Problem to work on> Produce exactly the lines from the one holding "May include: Black" through the last line of the data below, with every picture left out.

Source material>
=== Section Start ===
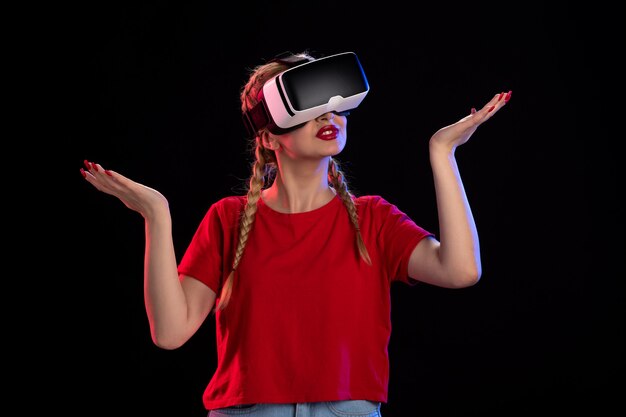 Vista frontal de la mujer joven jugando vr en la pared oscura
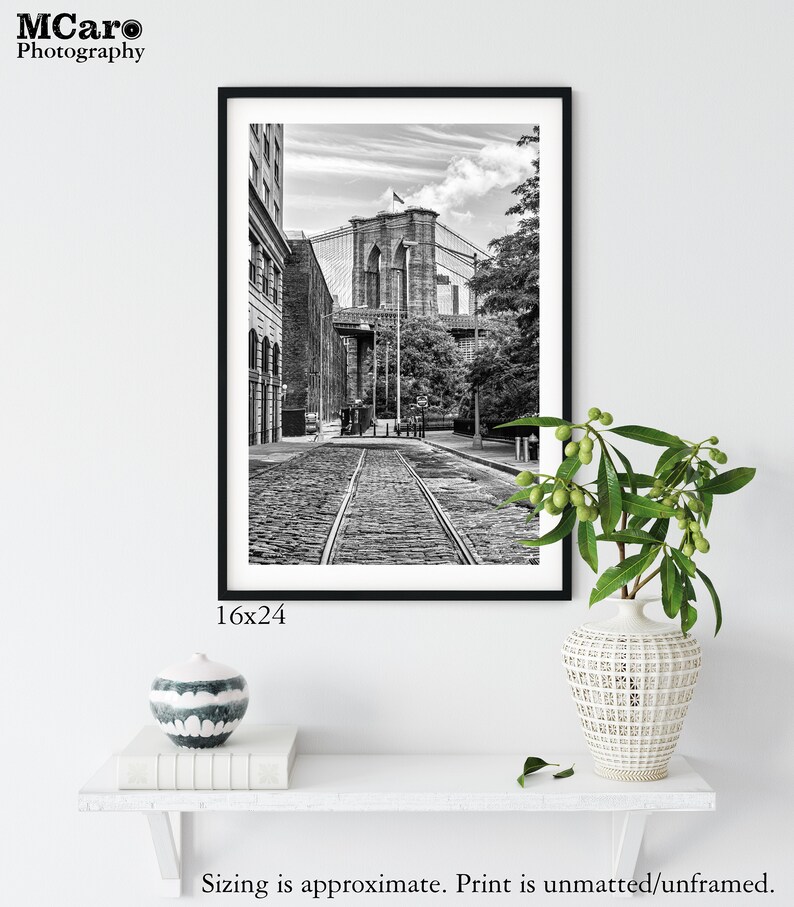 May include: Black and white photograph of the Brooklyn Bridge in New York City. The photo shows a view of the bridge from a street below, with cobblestone streets and a view of the bridge's towers and cables.
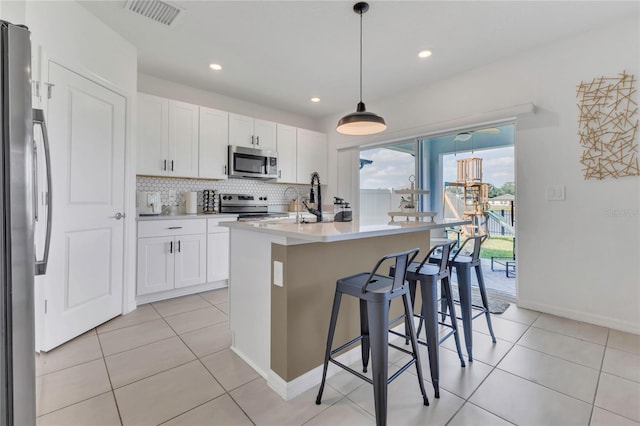 1312 Axel Graeson Ave, Kissimmee, FL 34744 - kitchen featuring visible vents, white cabinets, backsplash, light tile patterned floors, and stainless steel appliances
=== Section End ===
Output>
 May include: Black and white photograph of the Brooklyn Bridge in New York City. The photo shows a view of the bridge from a street below, with cobblestone streets and a view of the bridge's towers and cables.
 1312 Axel Graeson Ave, Kissimmee, FL 34744 - kitchen featuring visible vents, white cabinets, backsplash, light tile patterned floors, and stainless steel appliances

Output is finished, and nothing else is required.